L'un des objectifs majeurs de toute stratégie de promotion de la francophonie sur les autoroutes de l'information serait enfin de prévenir les risques d'appauvrissement de notre langue sous une double influence : d'une part l'utilisation servile d'expressions issues de l'anglais de base, assez pauvre, pratiqué sur les réseaux et d'autre part le recours à des logiciels de traduction tout à fait incapables, quels que soient les progrès imaginables, de transposer dans notre langue et d'adapter à notre culture des services et des produits conçus dans un contexte différent. Or la possibilité d'atteindre le marché francophone moyennant de modiques investissements dans la traduction automatique ne pourra qu'inciter les opérateurs anglo-saxons à déverser sur ce marché des produits amortis sur le marché américain. Le processus économique qui a permis à la production audiovisuelle américaine de s'imposer sur les marchés mondiaux au détriment des production nationales pourrait se reproduire à l'échelle de la société globale de l'information. La dimension culturelle des problèmes recouvre ainsi d'importants enjeux économiques.
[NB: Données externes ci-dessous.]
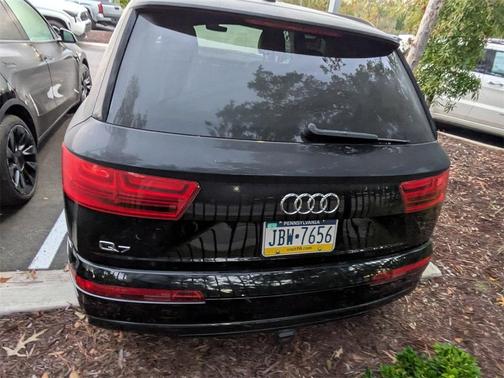 2019 Audi Q7 55 Prestige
· La mondialisation a des enjeux spécifiquement économiques. Si, les " autoroutes de l'information " devaient provoquer l'américanisation des systèmes mondiaux de communication, et il faut retenir que 80% des serveurs d'Internet sont actuellement situés dans des pays de langue anglaise, la société de l'information pourrait servir essentiellement à la promotion non seulement de la culture et des contenus américains, comme on l'a vu ci-dessus, mais aussi des activités tertiaires américaines. Internet véhicule en effet de plus en plus des services marchands. Le décloisonnement économique accentué que suscitera la société de l'information implique donc une compétition accrue entre les grands pôles économiques mondiaux. L'entrée de la France et de l'Europe dans la société de l'information apparaît ainsi comme une nécessité primordiale au regard de la compétition économique mondiale. Les projets tels que la banque de programmes et de services de la Cinquième, dans l'axe de ce que le rapport sénatorial sur l'accès au savoir par la télévision appelait la 3ème fenêtre, est un premier pas bien timide et bien mal financé. Le projet 9e plate-forme multimédia numérisée de Sophia Antipolis et de la Cité des sciences, lié aux projets MEDSAT et Université sans mur euro-chinoise vont dans le même sens.
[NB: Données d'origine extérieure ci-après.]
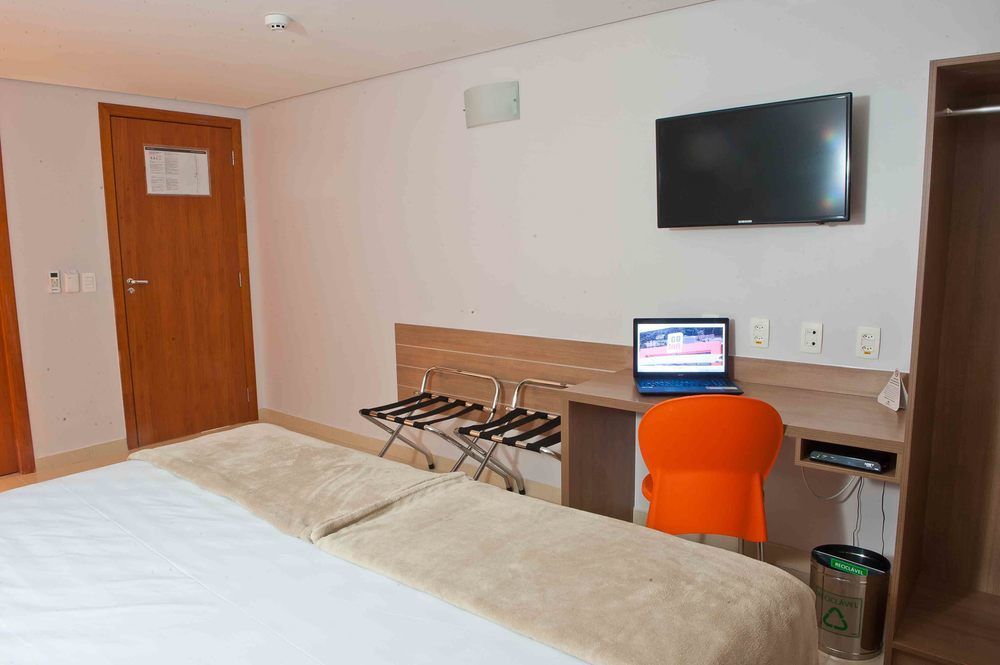 Hotel Go Estacao Goiânia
· Autre effet prévisible de la mondialisation, la société globale de l'information va sensiblement modifier les conditions d'exercice de la souveraineté étatique. Le caractère transnational des réseaux va en effet accélérer dans de nombreux domaines une perte d'efficacité des législations nationales, que l'on constate déjà dans le secteur audiovisuel. La réception directe de programmes diffusés par satellite grâce à des antennes paraboliques dont le coût décroît rapidement favorise l'accès d'opérateurs non soumis aux réglementations économiques et culturelles prises par les Etats, à des marchés jusqu'alors protégés. Les premiers pas d'une évolution comparable se manifestent spécialement sur l'Internet (cf. 2e partie du présent rapport, chapitre II).
- · Il convient d'observer enfin que la mondialisation pourrait contourner les pays en développement en raison du coût prohibitif de l'installation des réseaux et de l'équipement des utilisateurs en terminaux. La société de l'information contribuerait alors à renforcer la marginalisation de pays déjà largement à l'écart des échanges internationaux de biens et de services économiques et culturels. Actuellement, le tiers-monde représente moins de 5% des lignes téléphoniques dans l'ensemble du monde. Or l'accès aux nouvelles technologies de la communications, loin d'apparaître comme un luxe réservé à l'usage d'une poignée de responsables politiques et économiques, peut être considéré comme un élément significatif d'insertion dans les échanges mondiaux. L'entrée du tiers-monde dans la société de l'information devrait en particulier favoriser certaines délocalisations d'activités tertiaires, qui ouvrent d'indéniables perspectives aux pays en développement en termes de croissance, de formation de la population et de modernisation de la société. L'extension de la société de l'information au tiers-monde est donc un enjeu crucial du développement.